Required action. The whole listing needs retyping exactly; keep the pictures out of it.

The data.
--------------------
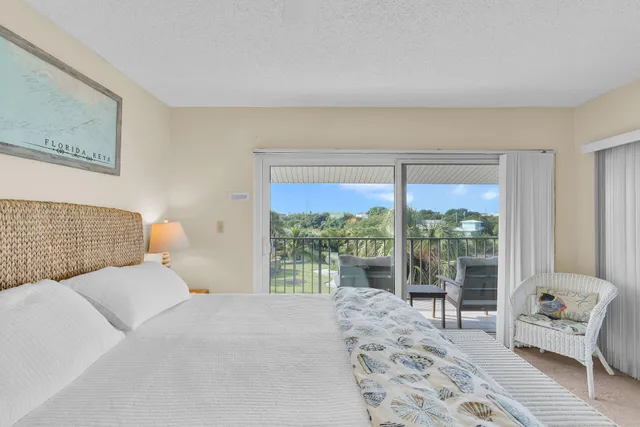 a bedroom with a bed and glass window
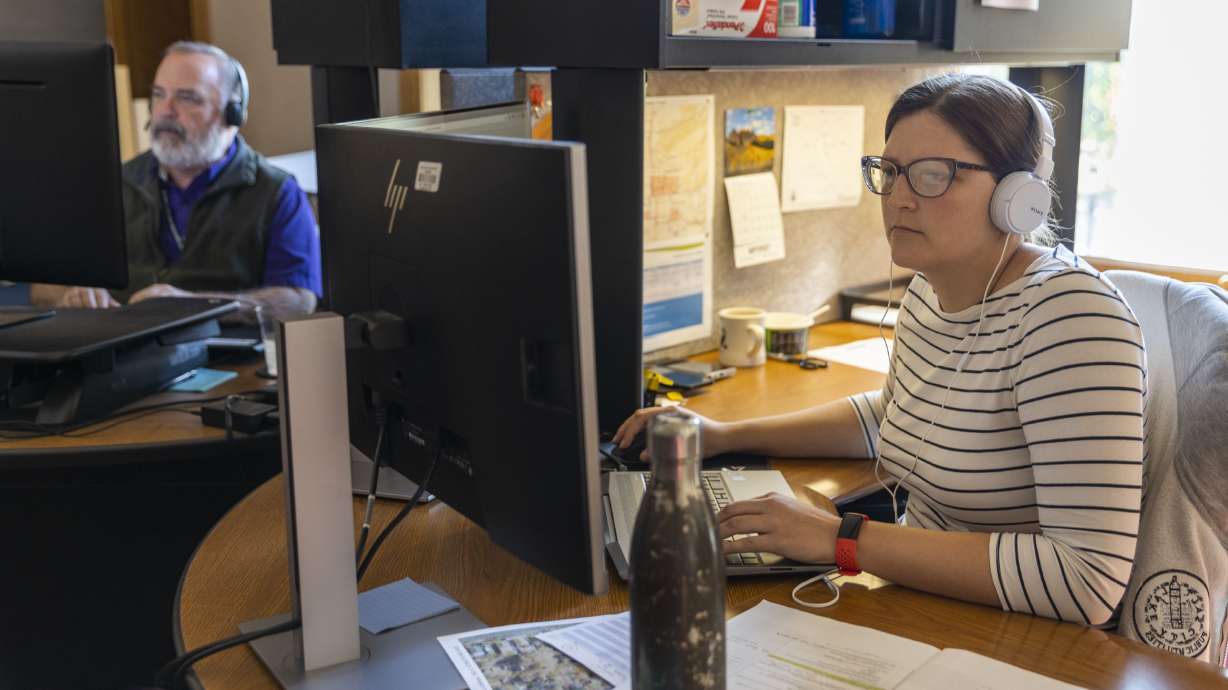 Andrea Osojnak, an Engineer IV, works at her desk inside of the Salt Lake City and County Building in Salt Lake City on Tuesday. Seismic impacts on the function and philosophy of where we do our work, first wrought by COVID-19 pandemic restrictions, continue to be felt by business owners and employees as new definitions of the workplace are still being written.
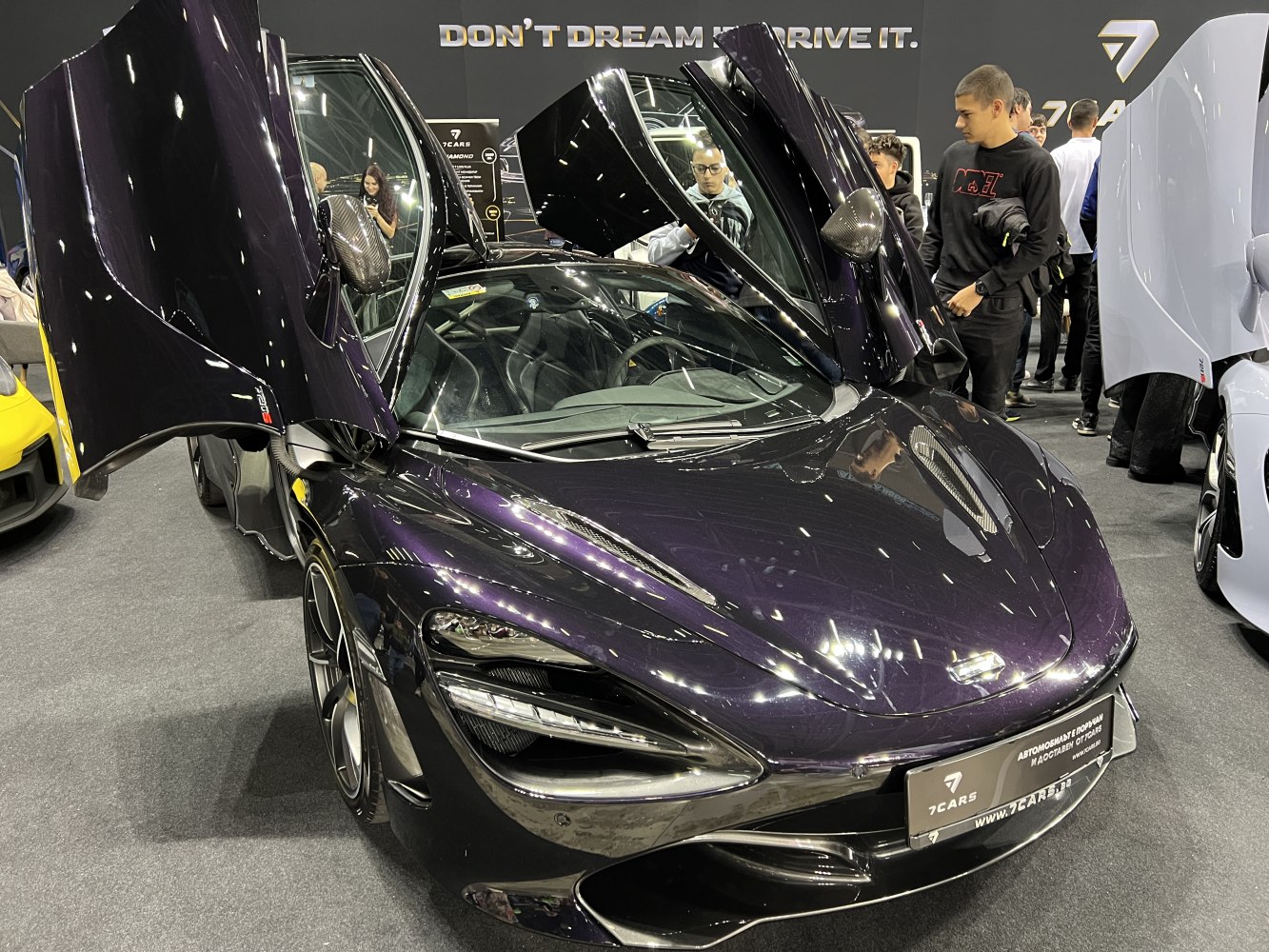 Supercar with distinctive butterfly doors and aerodynamic design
--------------------
Answer below.
 a bedroom with a bed and glass window
 Andrea Osojnak, an Engineer IV, works at her desk inside of the Salt Lake City and County Building in Salt Lake City on Tuesday. Seismic impacts on the function and philosophy of where we do our work, first wrought by COVID-19 pandemic restrictions, continue to be felt by business owners and employees as new definitions of the workplace are still being written.
 Supercar with distinctive butterfly doors and aerodynamic design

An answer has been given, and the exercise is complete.